* [Assignment]: Give back exactly the lines from the line that contains "4⃣：版型宽松 完美符合亚洲人驾驭 不挑穿搭" to the last line of the listing below, inclusive, and no others.

Supplied information section start

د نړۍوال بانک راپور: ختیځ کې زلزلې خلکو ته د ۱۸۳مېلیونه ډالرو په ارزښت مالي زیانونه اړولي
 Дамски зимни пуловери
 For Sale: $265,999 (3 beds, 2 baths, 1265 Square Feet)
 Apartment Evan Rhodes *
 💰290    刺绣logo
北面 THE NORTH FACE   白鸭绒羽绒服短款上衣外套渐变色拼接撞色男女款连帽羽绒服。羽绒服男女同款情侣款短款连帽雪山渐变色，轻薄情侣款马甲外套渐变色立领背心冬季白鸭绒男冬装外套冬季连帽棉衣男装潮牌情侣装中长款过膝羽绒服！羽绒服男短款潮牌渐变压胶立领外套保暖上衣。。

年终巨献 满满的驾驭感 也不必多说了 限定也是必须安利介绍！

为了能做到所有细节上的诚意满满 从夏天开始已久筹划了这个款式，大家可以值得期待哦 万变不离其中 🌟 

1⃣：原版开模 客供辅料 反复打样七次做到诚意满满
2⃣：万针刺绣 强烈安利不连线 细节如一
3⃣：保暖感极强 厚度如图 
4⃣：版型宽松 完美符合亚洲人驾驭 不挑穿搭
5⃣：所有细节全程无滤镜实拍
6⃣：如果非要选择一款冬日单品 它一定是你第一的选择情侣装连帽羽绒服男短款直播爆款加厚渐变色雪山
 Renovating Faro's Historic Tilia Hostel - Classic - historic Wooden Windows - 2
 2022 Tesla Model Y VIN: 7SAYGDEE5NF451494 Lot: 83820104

Supplied information section end

* [Solution to this problem]:
4⃣：版型宽松 完美符合亚洲人驾驭 不挑穿搭
5⃣：所有细节全程无滤镜实拍
6⃣：如果非要选择一款冬日单品 它一定是你第一的选择情侣装连帽羽绒服男短款直播爆款加厚渐变色雪山
 Renovating Faro's Historic Tilia Hostel - Classic - historic Wooden Windows - 2
 2022 Tesla Model Y VIN: 7SAYGDEE5NF451494 Lot: 83820104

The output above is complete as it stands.